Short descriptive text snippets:
------------------------------------------------------------------------
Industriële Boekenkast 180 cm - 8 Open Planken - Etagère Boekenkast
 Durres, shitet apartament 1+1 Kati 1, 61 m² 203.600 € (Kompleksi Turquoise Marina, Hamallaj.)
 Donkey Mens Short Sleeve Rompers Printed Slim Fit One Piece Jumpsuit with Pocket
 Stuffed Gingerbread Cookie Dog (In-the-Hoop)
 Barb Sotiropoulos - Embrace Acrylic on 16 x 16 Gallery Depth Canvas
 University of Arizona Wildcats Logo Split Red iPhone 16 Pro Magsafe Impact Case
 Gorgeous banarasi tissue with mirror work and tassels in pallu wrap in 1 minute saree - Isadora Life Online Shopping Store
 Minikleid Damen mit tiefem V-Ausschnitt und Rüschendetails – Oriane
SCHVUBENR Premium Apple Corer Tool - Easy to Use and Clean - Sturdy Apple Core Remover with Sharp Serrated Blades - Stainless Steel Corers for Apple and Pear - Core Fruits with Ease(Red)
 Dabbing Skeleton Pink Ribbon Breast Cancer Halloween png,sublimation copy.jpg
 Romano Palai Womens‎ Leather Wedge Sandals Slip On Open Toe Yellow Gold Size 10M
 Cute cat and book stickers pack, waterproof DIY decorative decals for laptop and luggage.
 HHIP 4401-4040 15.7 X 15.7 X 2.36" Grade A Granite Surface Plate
------------------------------------------------------------------------
### Task objective
All records above are to be printed exactly, with nothing omitted.

### Exercise answer
Industriële Boekenkast 180 cm - 8 Open Planken - Etagère Boekenkast
 Durres, shitet apartament 1+1 Kati 1, 61 m² 203.600 € (Kompleksi Turquoise Marina, Hamallaj.)
 Donkey Mens Short Sleeve Rompers Printed Slim Fit One Piece Jumpsuit with Pocket
 Stuffed Gingerbread Cookie Dog (In-the-Hoop)
 Barb Sotiropoulos - Embrace Acrylic on 16 x 16 Gallery Depth Canvas
 University of Arizona Wildcats Logo Split Red iPhone 16 Pro Magsafe Impact Case
 Gorgeous banarasi tissue with mirror work and tassels in pallu wrap in 1 minute saree - Isadora Life Online Shopping Store
 Minikleid Damen mit tiefem V-Ausschnitt und Rüschendetails – Oriane
SCHVUBENR Premium Apple Corer Tool - Easy to Use and Clean - Sturdy Apple Core Remover with Sharp Serrated Blades - Stainless Steel Corers for Apple and Pear - Core Fruits with Ease(Red)
 Dabbing Skeleton Pink Ribbon Breast Cancer Halloween png,sublimation copy.jpg
 Romano Palai Womens‎ Leather Wedge Sandals Slip On Open Toe Yellow Gold Size 10M
 Cute cat and book stickers pack, waterproof DIY decorative decals for laptop and luggage.
 HHIP 4401-4040 15.7 X 15.7 X 2.36" Grade A Granite Surface Plate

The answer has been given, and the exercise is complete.